- TASK OBJECTIVE: Everything in the records below from the line containing "gum disease and heart health" through the line containing "Curos teórico –" is to be reproduced exactly, those two lines included; no picture is to be copied.

- DATA FOR PROCESSING:

··········

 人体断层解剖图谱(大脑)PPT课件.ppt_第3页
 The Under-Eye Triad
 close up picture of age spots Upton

··········

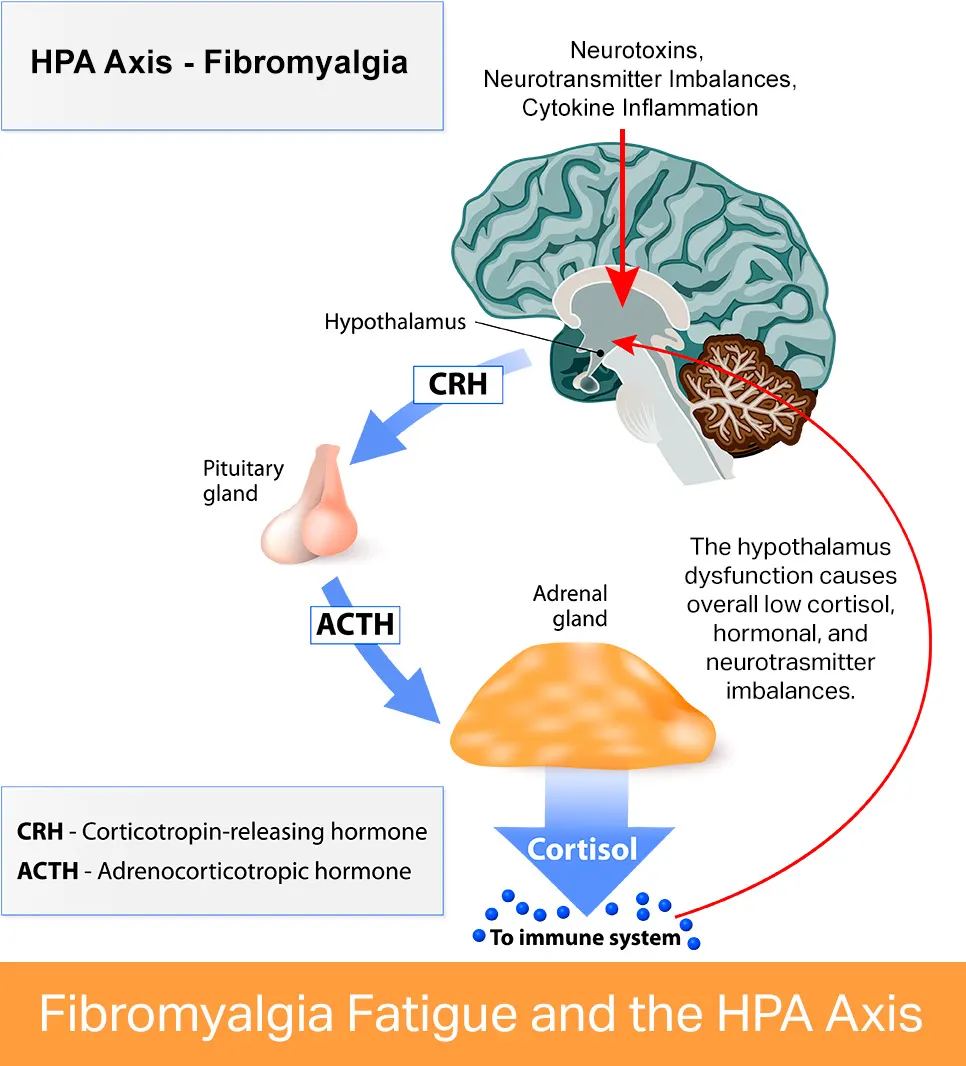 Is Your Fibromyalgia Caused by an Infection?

··········

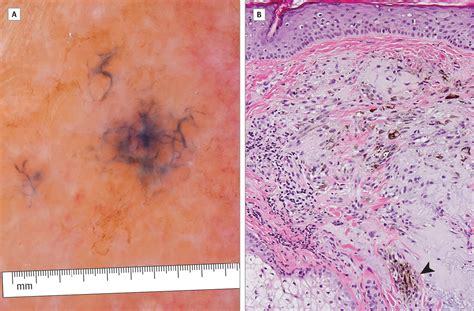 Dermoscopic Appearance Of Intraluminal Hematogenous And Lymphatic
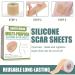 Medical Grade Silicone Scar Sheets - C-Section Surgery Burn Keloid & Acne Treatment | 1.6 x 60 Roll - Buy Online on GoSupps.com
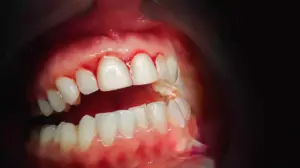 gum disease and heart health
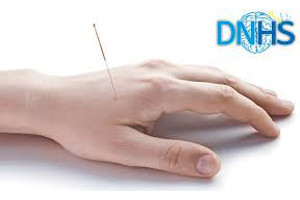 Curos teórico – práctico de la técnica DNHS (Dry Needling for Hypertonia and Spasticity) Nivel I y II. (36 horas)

··········

- SOLUTION FOR THIS EXERCISE:
 gum disease and heart health
 Curos teórico – práctico de la técnica DNHS (Dry Needling for Hypertonia and Spasticity) Nivel I y II. (36 horas)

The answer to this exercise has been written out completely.